Patient who died at Florida VA hospital received 'deficient,' 'mismanaged' care, federal report finds

Erica Carbajal -

A patient who died in the emergency room at the Malcom Randall Veterans Affairs Medical Center in Gainesville, Fla., was incorrectly triaged, according to a June 3 report from the VA Office of Inspector General.

The patient, who received laparoscopic colon surgery at the facility in summer 2020, sought care at the emergency department 15 days after the procedure. Between day 10 and day 15 post-surgery, the patient had several conversations with the facility's call center regarding abdominal distension and vomiting. On three occasions, the call center instructed the patient to seek emergency care, according to the report. The patient went to non-VA hospitals the first two times, returning to Malcom Randall Veterans Affairs Medical Center on the third occasion.

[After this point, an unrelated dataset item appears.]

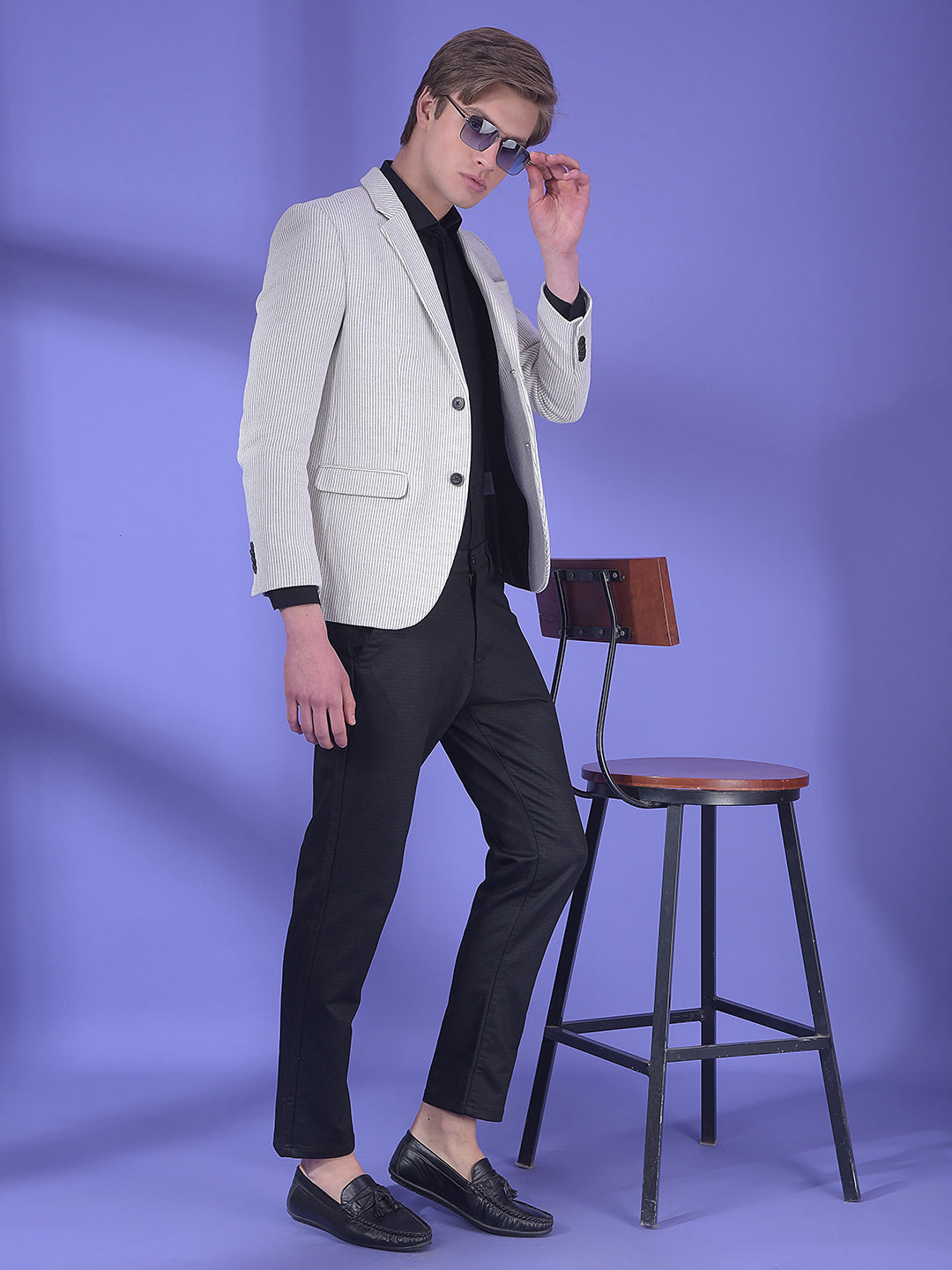 Beige Vertical Stripes Notched Lapel Single-Breasted Blazer-Men Blazers-Crimsoune Club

Upon arrival, a nurse and nurse practitioner triaged the patient as level three and returned the patient to the waiting room. 

"Just over an hour after the patient arrived at the facility's emergency department, the patient fell forward and was noted to be unresponsive and cyanotic with agonal breathing," the report said. The patient was then admitted to intensive care and died later that day. 

The patient should have been triaged as level two, meaning they could not wait to be seen, the report said. 

"The OIG found the nurse and nurse practitioner failed to consider all reasonable causes of the patient's shortness of breath, communicate with the patient's surgeon, and assign an [emergency severity index] level 2 to the patient," the report said.

The OIG could not determine whether "more expeditious care would have affected the patient's mortality."  

The OIG issued two recommendations to the facility director: ESI level two patients should not remain in the waiting room, and evaluations of additional quality reviews are needed based on the failures identified in the report. 

A spokesperson for the medical center told local CBS 4 News the OIG's recommendations were implemented as of May 28. 

"Any death that happens is tragic, and certainly we all feel for the patient and for the family," Thomas Wisnieski, facility director, said during a virtual town hall meeting June 4, according to The Gainesville Sun, adding that the nurses involved have since struggled with feelings of guilt.


"We're not perfect by any means, but one of the things that happens within our system is that if there's something that goes wrong, we own it, and we look to fix it," Mr. Wisnieski said. 

Editor's note: Becker's has reached out to Malcom Randall VAMC and will update the report as more information becomes available.